女の残り時間

亀山早苗『女の残り時間 ときめきは突然やってくる』中央公論新社、2007


亀山早苗の不倫ドキュメント本。学者との対談なんかより、こっちのほうがずっとおもしろい。そもそも不倫は理屈でもないし。

出てくるのはほぼ全部40代女性だが、なぜ40代に取材対象を集中させているのかはよくわからない。初出は『婦人公論』の連載なので、その企画が40代向けということだったのかもしれない。不倫している人が40代だけなどということはなく、50代でも、60代でもいないことはないと思うので、各年代が揃ったほうがおもしろいと思うが。

しかし、出て来る人たちは、みな生々しい。下手なエロ雑誌など、実物の体験談の前にはぜんぜん大したことはなく、みな、喋り放題。描写もあけすけ。自分の不倫など、かんたんに他人にしゃべれるようなことでもないので、ここぞとばかり、みな話しているのだろう。自分が40代で、もう終わっていたと思っていた人が、「そうでもない」とわかると、非常にうれしいものらしい。

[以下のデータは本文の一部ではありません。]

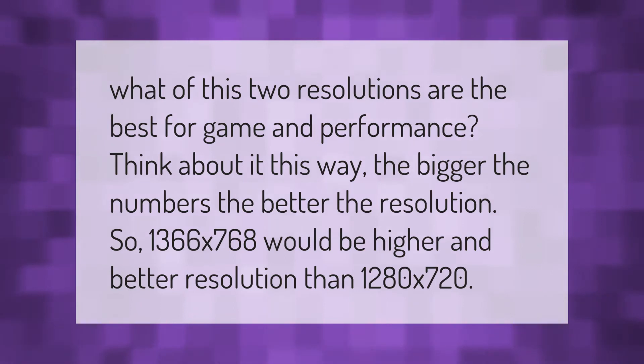Think about it this way: the bigger the numbers, the better the resolution. So 1366 by 768 would be a higher and better resolution than 1280 by 720.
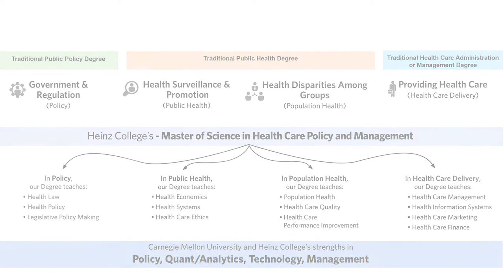What sets our degree apart is it allows students to have the flexibility to move segments and move beyond the traditional hospital setting as healthcare reorganizes itself over the coming decades.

あとは、いまどき、40代などはぜんぜん老けておらず、余裕で現役の年齢。しかし、老化は確実にやってきているので、自分がいつまでも女として見てもらえるわけではないということもわかっている。だから、その分はじけているということもあるだろう。さらに、家庭内の関係がもう男女関係ではなくなっていて、それにたいする不満と不安もあり。

まだ花が咲く年代ではじけたところで、大した問題はないとも思うが、この本には、「夫にバレた」話は載っていない。みなさん、そこはだいじょうぶなのかどうか。